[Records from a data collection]
------------------------

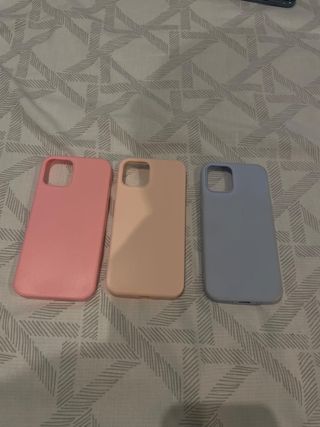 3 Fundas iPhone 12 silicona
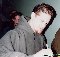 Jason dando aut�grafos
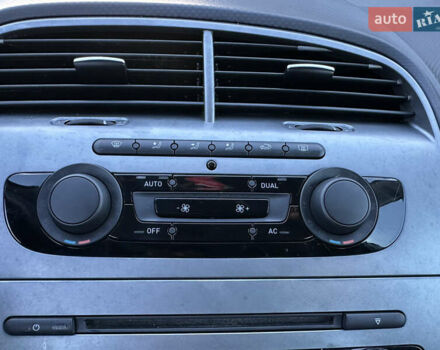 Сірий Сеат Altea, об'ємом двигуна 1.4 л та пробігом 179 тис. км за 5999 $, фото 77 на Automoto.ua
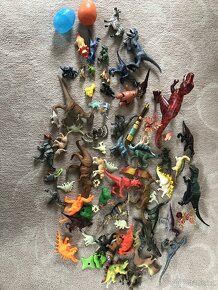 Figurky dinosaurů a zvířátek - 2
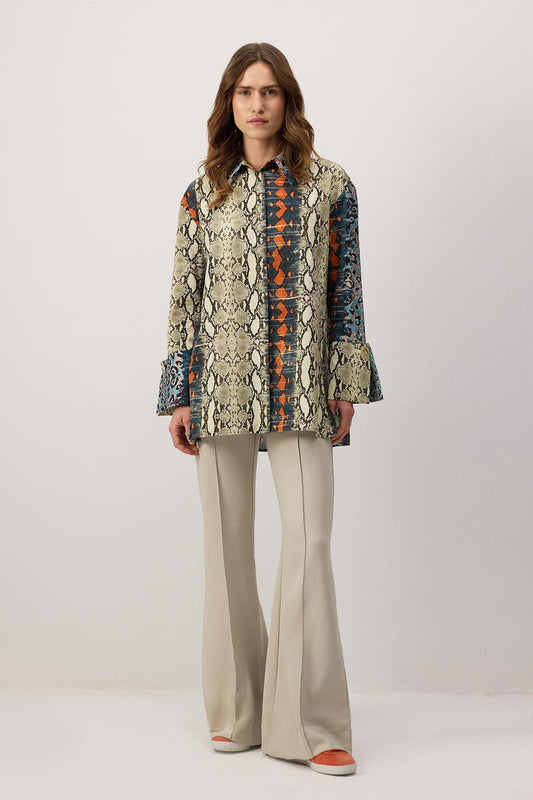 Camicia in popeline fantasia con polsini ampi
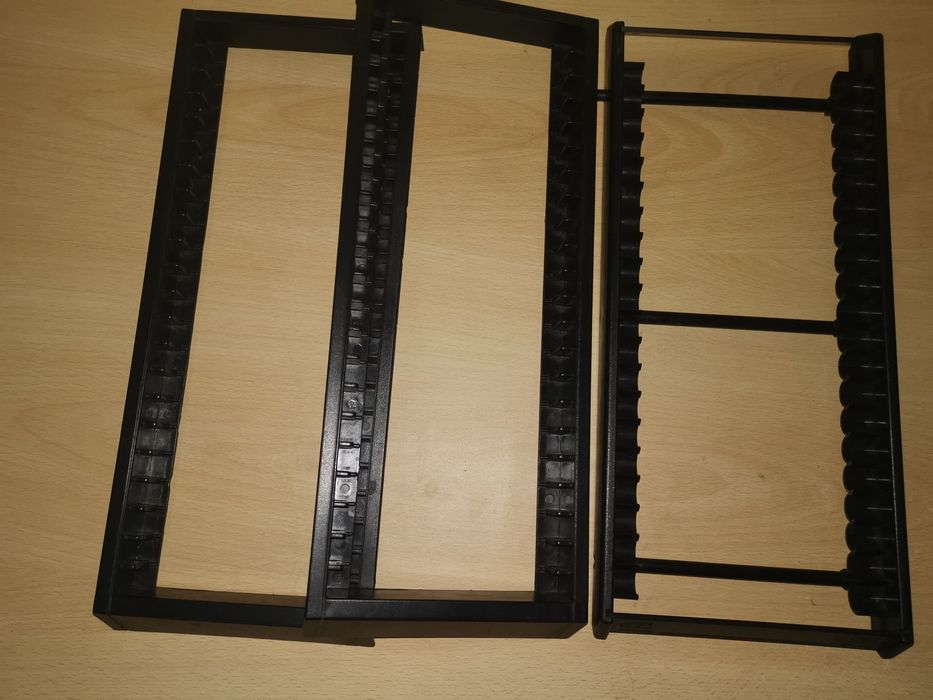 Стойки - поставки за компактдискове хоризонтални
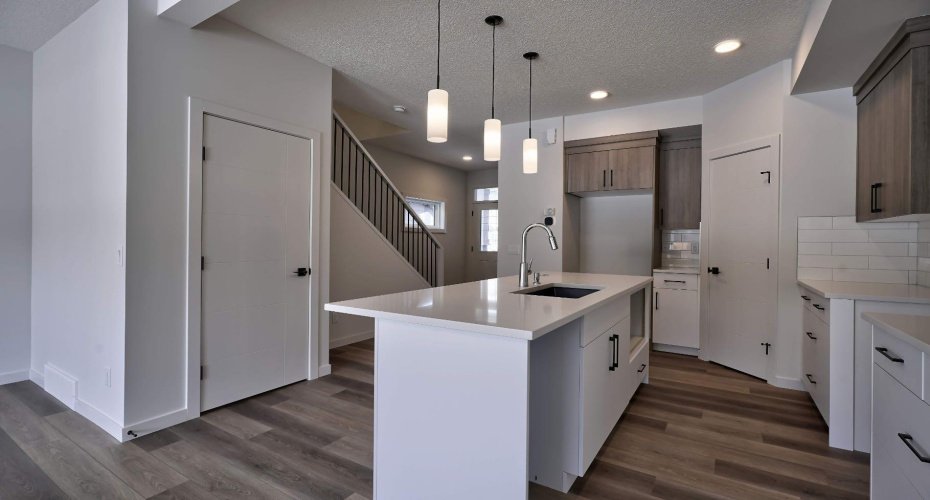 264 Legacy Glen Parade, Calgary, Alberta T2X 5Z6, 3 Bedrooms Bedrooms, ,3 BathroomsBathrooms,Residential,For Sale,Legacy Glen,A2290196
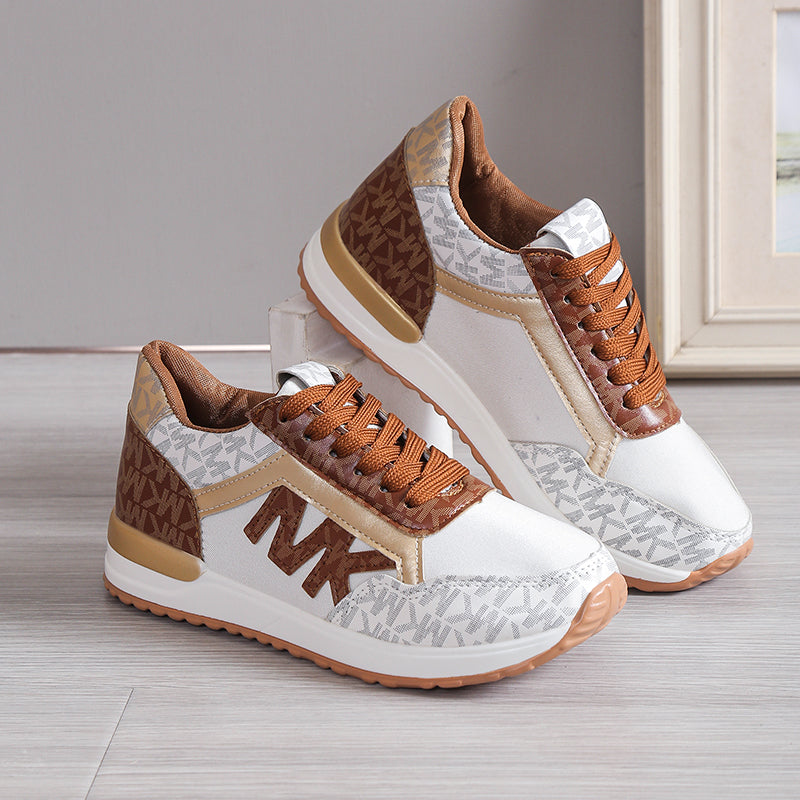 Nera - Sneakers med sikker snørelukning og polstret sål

------------------------

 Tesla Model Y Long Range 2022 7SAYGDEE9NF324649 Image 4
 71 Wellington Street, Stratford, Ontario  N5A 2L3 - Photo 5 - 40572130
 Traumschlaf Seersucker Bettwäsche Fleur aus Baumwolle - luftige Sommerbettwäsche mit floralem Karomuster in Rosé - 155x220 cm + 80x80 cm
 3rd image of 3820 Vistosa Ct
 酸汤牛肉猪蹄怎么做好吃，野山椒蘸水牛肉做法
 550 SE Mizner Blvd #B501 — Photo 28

------------------------

What you should do
In the data above, start at the line holding "Jason dando aut�grafos" and stop after the line holding "Nera - Sneakers"; write out those lines exactly, without pictures.

Final answer
 Jason dando aut�grafos
 Сірий Сеат Altea, об'ємом двигуна 1.4 л та пробігом 179 тис. км за 5999 $, фото 77 на Automoto.ua
 Figurky dinosaurů a zvířátek - 2
 Camicia in popeline fantasia con polsini ampi
 Стойки - поставки за компактдискове хоризонтални
 264 Legacy Glen Parade, Calgary, Alberta T2X 5Z6, 3 Bedrooms Bedrooms, ,3 BathroomsBathrooms,Residential,For Sale,Legacy Glen,A2290196
 Nera - Sneakers med sikker snørelukning og polstret sål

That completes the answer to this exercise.